- Abaclia Location in Moldova
- Coordinates: 46°22′N 28°57′E﻿ / ﻿46.367°N 28.950°E
- Country: Moldova
- District: Basarabeasca District

Population (2014 census)
- • Total: 4,660
- Time zone: UTC+2 (EET)
- • Summer (DST): UTC+3 (EEST)

= Abaclia =

Abaclia is a rural village in the Basarabeasca District, in Southern Moldova. The village is part of a key livestock and dairy region, contributing significantly to Moldova's sheep and goat milk industry. Predominantly Moldovan and Orthodox Christian, Abaclia's history reflects a blend of local and Tatar influences.

==Historical background==
Abaclia was first documented in 1770. The village's name is rooted in local legend and Tatar heritage.

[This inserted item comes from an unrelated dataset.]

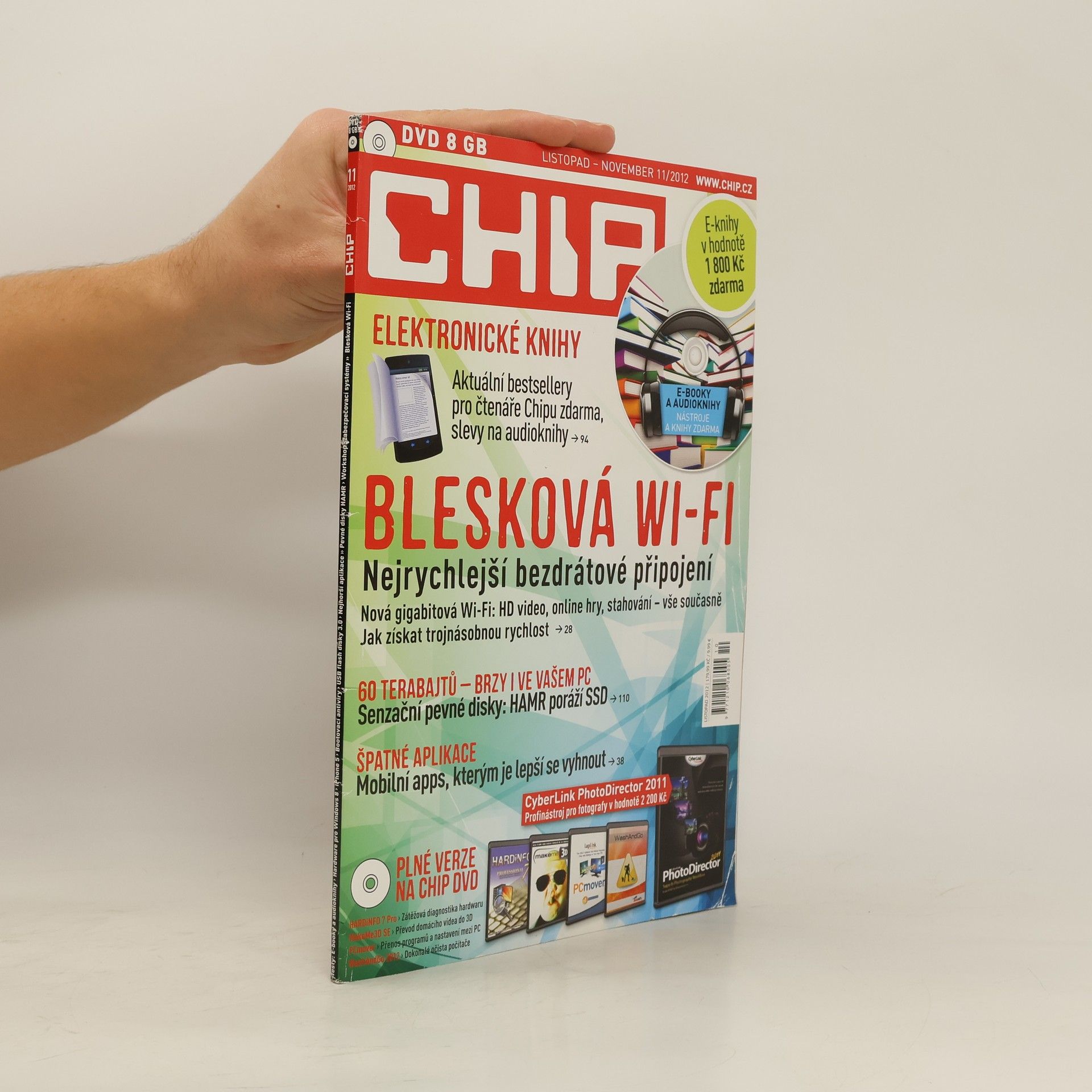 Collectif d'auteurs Chip 11/2012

According to tradition, the name comes from a merchant who passed through the area with a cart of aba (a valuable woolen cloth), which he gifted to the villagers as part of a marriage agreement. However, linguistic research suggests the name is derived from the Tatar tribe abaklî, reflecting the region's historical Tatar presence and the naming practices of Russian authorities after the 1812 annexation of Bessarabia.

==Demographics==
According to the 2014 Moldovan census, Abaclia had a population of 4,660 residents. The village covers an area of 73.90 km², resulting in a population density of 63.06 people per square kilometer. The gender distribution in the village was fairly balanced, with 2,257 males (48.4%) and 2,403 females (51.6%). The age structure reveals a predominantly working-age population, with 3,487 individuals (74.8%) aged between 15 and 64 years. Children aged 0-14 years accounted for 792 individuals (17%), while the elderly population, aged 65 and over, made up 381 individuals (8.2%).

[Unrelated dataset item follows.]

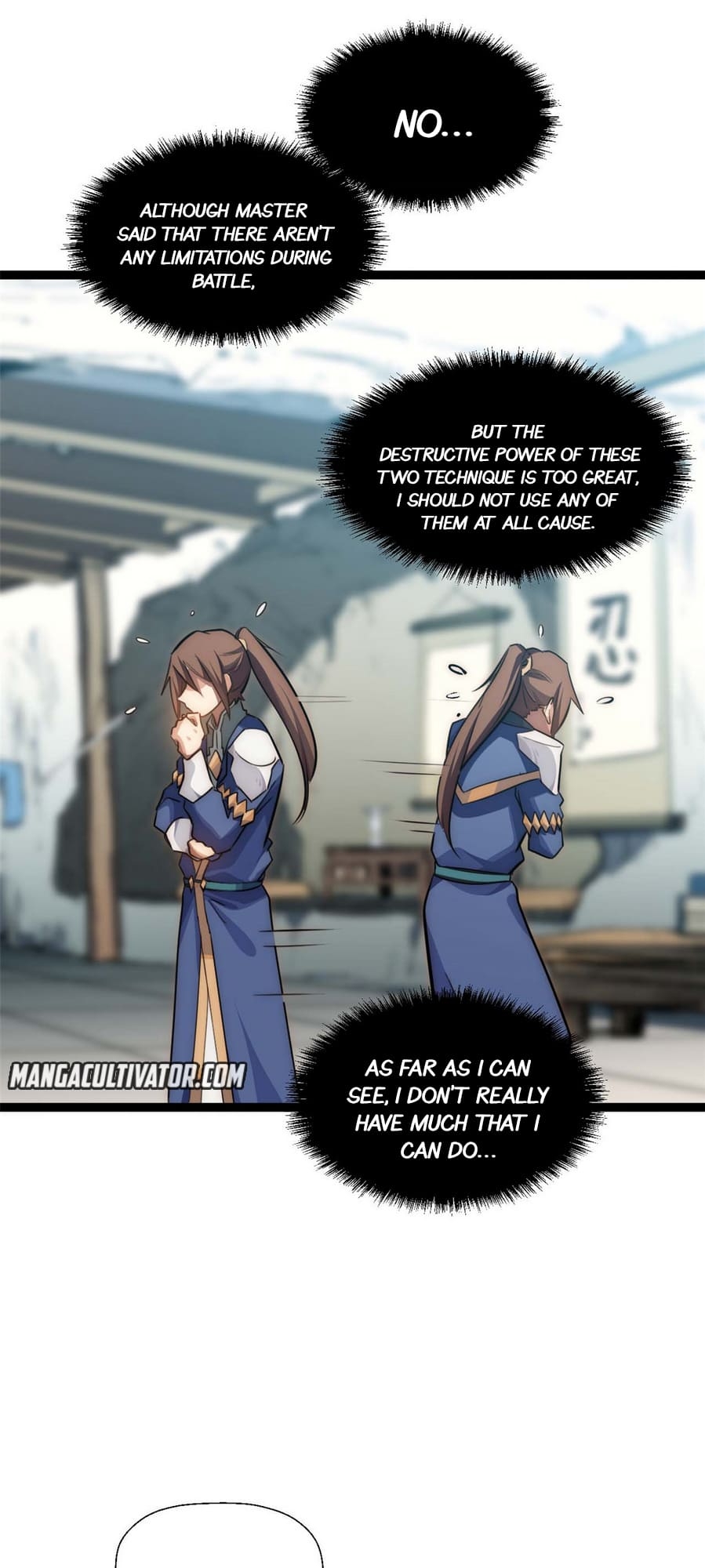 Read Lucky Me I Secretly Cultivated for 1,000 Years EN Manga Online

Abaclia is entirely rural, with no urban population recorded. The majority of residents were born in Moldova (98%), while a small percentage came from the European Union (0.5%) and the Commonwealth of Independent States (1.5%).

Ethnically, Abaclia is predominantly Moldovan, comprising 92.5% of the population. Other ethnic groups include Romanians (5.5%), Ukrainians (0.3%), Russians (0.5%), Gagauzians (0.8%), Bulgarians (16 individuals), and Romani people (6 individuals). In terms of language, the vast majority of the population speaks Moldovan, with 75.2% using it as their native language. Romanian is spoken by 22.5% of the residents, while smaller groups speak Russian (1.4%), Gagauzian (0.6%), and Bulgarian (11 individuals).

Religiously, the village is overwhelmingly Orthodox Christian, with 99.5% of the population adhering to this faith. A small minority, comprising 21 individuals (0.5%), follow other religions.

==Economy==
Abaclia is a central part of the Cimișlia-Basarabeasca livestock and dairy micro-cluster, which is a leader in Moldova's sheep and goat milk industry. The region specializes in sheep and goat farming, with a significant proportion of Moldova’s sheep and goats raised there, and milk and cheese production, including the largest sheep and goat milk processing plant in the country. It also hosts the "Mioriță laie" national festival, the largest event in Moldova's sheep and goat sector. In 2023, Abaclia and its neighboring localities contributed more than 5% of Moldova's sheep and goat cheese production. The livestock sector supports about 50 jobs locally. The area is also a center for agricultural innovation and modernization, though it faces challenges such as outdated technology and underutilized processing capacity.